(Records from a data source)
=======

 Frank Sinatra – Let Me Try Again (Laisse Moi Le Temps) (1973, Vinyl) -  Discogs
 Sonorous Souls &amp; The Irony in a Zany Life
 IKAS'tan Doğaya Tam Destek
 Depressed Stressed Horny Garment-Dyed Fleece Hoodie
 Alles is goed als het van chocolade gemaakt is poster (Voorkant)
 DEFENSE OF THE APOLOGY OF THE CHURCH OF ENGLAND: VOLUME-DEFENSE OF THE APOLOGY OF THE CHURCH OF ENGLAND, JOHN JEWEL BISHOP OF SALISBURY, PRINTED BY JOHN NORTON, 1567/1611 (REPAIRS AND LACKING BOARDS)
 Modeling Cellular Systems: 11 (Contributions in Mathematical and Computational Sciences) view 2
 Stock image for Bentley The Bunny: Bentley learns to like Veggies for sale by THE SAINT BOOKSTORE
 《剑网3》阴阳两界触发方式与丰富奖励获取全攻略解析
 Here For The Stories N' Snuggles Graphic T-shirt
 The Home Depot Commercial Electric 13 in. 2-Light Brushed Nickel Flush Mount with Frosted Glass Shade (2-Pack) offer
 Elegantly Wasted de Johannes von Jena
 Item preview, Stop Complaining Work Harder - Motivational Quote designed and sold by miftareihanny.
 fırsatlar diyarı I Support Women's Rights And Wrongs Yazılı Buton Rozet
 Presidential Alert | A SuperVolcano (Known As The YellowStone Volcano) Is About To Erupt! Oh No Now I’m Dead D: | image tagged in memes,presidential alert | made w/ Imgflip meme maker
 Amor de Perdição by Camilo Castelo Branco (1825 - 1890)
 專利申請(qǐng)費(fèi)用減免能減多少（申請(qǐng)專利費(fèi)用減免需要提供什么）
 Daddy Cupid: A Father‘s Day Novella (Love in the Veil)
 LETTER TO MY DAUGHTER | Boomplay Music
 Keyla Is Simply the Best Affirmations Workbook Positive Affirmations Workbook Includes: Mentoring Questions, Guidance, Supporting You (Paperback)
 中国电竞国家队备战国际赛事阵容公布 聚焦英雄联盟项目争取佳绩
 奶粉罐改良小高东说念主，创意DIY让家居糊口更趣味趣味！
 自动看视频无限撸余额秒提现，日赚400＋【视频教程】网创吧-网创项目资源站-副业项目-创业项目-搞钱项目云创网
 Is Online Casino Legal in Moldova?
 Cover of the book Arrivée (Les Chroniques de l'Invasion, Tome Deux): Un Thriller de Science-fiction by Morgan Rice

=======

Your assignment: Output only the lines from the line that contains "Is Online Casino Legal in Moldova?" through the end of the entries, both included, exactly as they appear.

Task answer:
 Is Online Casino Legal in Moldova?
 Cover of the book Arrivée (Les Chroniques de l'Invasion, Tome Deux): Un Thriller de Science-fiction by Morgan Rice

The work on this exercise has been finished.